This module implements high-performance container datatypes.  Currently,
there are two datatypes, :class:`deque` and :class:`defaultdict`, and
one datatype factory function, :func:`NamedTuple`. Python already
includes built-in containers, :class:`dict`, :class:`list`,
:class:`set`, and :class:`tuple`. In addition, the optional :mod:`bsddb`
module has a :meth:`bsddb.btopen` method that can be used to create in-memory
or file based ordered dictionaries with string keys.

Future editions of the standard library may include balanced trees and
ordered dictionaries.

.. versionchanged:: 2.5
   Added :class:`defaultdict`.

.. versionchanged:: 2.6
   Added :class:`NamedTuple`.


.. _deque-objects:

:class:`deque` objects
----------------------


.. class:: deque([iterable])

   Returns a new deque object initialized left-to-right (using :meth:`append`) with
   data from *iterable*.  If *iterable* is not specified, the new deque is empty.

   Deques are a generalization of stacks and queues (the name is pronounced "deck"
   and is short for "double-ended queue").  Deques support thread-safe, memory
   efficient appends and pops from either side of the deque with approximately the
   same O(1) performance in either direction.

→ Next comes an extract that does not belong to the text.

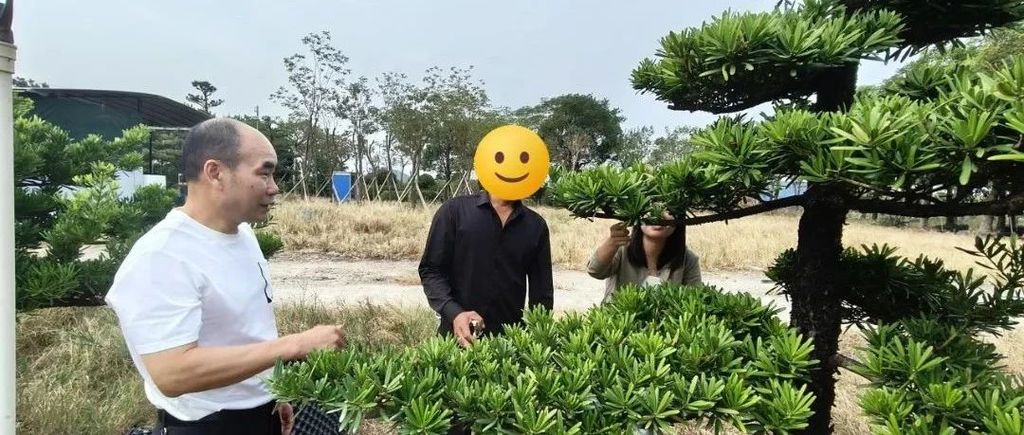 阿清的 “重生密码”：在创业奋斗与履行责任中收获人生价值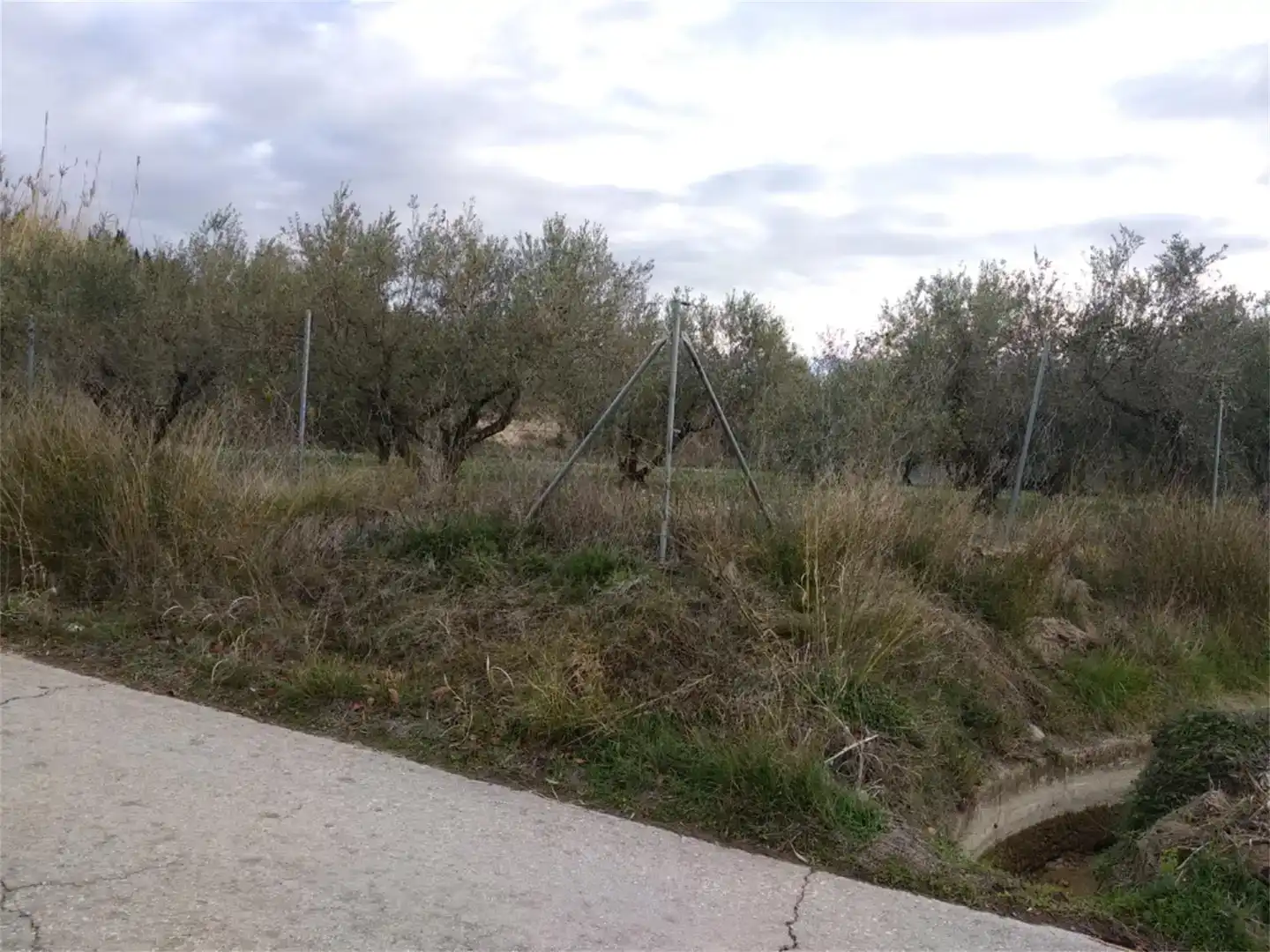 Terreno en venta en Agullent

   Though :class:`list` objects support similar operations, they are optimized for
   fast fixed-length operations and incur O(n) memory movement costs for
   ``pop(0)`` and ``insert(0, v)`` operations which change both the size and
   position of the underlying data representation.

   .. versionadded:: 2.4

Deque objects support the following methods:


.. method:: deque.append(x)

   Add *x* to the right side of the deque.


.. method:: deque.appendleft(x)

   Add *x* to the left side of the deque.


.. method:: deque.clear()

   Remove all elements from the deque leaving it with length 0.


.. method:: deque.extend(iterable)

   Extend the right side of the deque by appending elements from the iterable
   argument.


.. method:: deque.extendleft(iterable)

   Extend the left side of the deque by appending elements from *iterable*.  Note,
   the series of left appends results in reversing the order of elements in the
   iterable argument.


.. method:: deque.pop()

   Remove and return an element from the right side of the deque. If no elements
   are present, raises an :exc:`IndexError`.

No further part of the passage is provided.